*Exercise aim*: Every record must appear in the response exactly as given.

Stored items from a collection
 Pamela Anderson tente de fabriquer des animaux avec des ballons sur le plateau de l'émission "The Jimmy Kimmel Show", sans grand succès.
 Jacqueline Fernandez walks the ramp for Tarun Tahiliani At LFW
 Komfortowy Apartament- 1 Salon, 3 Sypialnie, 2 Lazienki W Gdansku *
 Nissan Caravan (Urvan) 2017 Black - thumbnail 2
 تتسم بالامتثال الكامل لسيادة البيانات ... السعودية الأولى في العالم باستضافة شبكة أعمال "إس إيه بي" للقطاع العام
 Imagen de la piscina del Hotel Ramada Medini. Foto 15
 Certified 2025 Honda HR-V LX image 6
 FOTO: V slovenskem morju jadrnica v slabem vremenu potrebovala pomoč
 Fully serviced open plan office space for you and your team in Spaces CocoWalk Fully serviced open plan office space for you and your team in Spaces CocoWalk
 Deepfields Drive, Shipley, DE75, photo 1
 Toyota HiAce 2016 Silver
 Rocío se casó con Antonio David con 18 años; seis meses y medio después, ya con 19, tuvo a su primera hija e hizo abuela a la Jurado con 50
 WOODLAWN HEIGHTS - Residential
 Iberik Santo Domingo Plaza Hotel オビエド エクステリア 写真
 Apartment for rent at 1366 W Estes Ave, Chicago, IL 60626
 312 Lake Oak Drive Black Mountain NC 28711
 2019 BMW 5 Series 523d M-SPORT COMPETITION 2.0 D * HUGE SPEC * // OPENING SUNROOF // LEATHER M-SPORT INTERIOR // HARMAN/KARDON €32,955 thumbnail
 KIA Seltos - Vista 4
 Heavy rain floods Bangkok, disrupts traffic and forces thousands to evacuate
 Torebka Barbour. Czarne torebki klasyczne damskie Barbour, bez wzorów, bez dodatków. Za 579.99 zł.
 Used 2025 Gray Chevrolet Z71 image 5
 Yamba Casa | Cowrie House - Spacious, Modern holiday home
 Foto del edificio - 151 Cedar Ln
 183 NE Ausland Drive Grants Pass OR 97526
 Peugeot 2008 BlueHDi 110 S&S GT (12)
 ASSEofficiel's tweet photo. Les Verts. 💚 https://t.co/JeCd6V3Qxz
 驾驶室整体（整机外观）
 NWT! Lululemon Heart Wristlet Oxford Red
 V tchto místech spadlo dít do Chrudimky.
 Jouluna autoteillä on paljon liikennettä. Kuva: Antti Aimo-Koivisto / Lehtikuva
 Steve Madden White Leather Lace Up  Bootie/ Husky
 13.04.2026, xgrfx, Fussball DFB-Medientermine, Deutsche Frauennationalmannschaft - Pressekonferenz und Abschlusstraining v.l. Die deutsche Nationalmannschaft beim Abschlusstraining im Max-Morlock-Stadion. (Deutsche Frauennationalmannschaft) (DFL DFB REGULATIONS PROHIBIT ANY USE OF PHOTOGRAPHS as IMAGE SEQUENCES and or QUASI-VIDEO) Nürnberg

*Answer box*:
 Pamela Anderson tente de fabriquer des animaux avec des ballons sur le plateau de l'émission "The Jimmy Kimmel Show", sans grand succès.
 Jacqueline Fernandez walks the ramp for Tarun Tahiliani At LFW
 Komfortowy Apartament- 1 Salon, 3 Sypialnie, 2 Lazienki W Gdansku *
 Nissan Caravan (Urvan) 2017 Black - thumbnail 2
 تتسم بالامتثال الكامل لسيادة البيانات ... السعودية الأولى في العالم باستضافة شبكة أعمال "إس إيه بي" للقطاع العام
 Imagen de la piscina del Hotel Ramada Medini. Foto 15
 Certified 2025 Honda HR-V LX image 6
 FOTO: V slovenskem morju jadrnica v slabem vremenu potrebovala pomoč
 Fully serviced open plan office space for you and your team in Spaces CocoWalk Fully serviced open plan office space for you and your team in Spaces CocoWalk
 Deepfields Drive, Shipley, DE75, photo 1
 Toyota HiAce 2016 Silver
 Rocío se casó con Antonio David con 18 años; seis meses y medio después, ya con 19, tuvo a su primera hija e hizo abuela a la Jurado con 50
 WOODLAWN HEIGHTS - Residential
 Iberik Santo Domingo Plaza Hotel オビエド エクステリア 写真
 Apartment for rent at 1366 W Estes Ave, Chicago, IL 60626
 312 Lake Oak Drive Black Mountain NC 28711
 2019 BMW 5 Series 523d M-SPORT COMPETITION 2.0 D * HUGE SPEC * // OPENING SUNROOF // LEATHER M-SPORT INTERIOR // HARMAN/KARDON €32,955 thumbnail
 KIA Seltos - Vista 4
 Heavy rain floods Bangkok, disrupts traffic and forces thousands to evacuate
 Torebka Barbour. Czarne torebki klasyczne damskie Barbour, bez wzorów, bez dodatków. Za 579.99 zł.
 Used 2025 Gray Chevrolet Z71 image 5
 Yamba Casa | Cowrie House - Spacious, Modern holiday home
 Foto del edificio - 151 Cedar Ln
 183 NE Ausland Drive Grants Pass OR 97526
 Peugeot 2008 BlueHDi 110 S&S GT (12)
 ASSEofficiel's tweet photo. Les Verts. 💚 https://t.co/JeCd6V3Qxz
 驾驶室整体（整机外观）
 NWT! Lululemon Heart Wristlet Oxford Red
 V tchto místech spadlo dít do Chrudimky.
 Jouluna autoteillä on paljon liikennettä. Kuva: Antti Aimo-Koivisto / Lehtikuva
 Steve Madden White Leather Lace Up  Bootie/ Husky
 13.04.2026, xgrfx, Fussball DFB-Medientermine, Deutsche Frauennationalmannschaft - Pressekonferenz und Abschlusstraining v.l. Die deutsche Nationalmannschaft beim Abschlusstraining im Max-Morlock-Stadion. (Deutsche Frauennationalmannschaft) (DFL DFB REGULATIONS PROHIBIT ANY USE OF PHOTOGRAPHS as IMAGE SEQUENCES and or QUASI-VIDEO) Nürnberg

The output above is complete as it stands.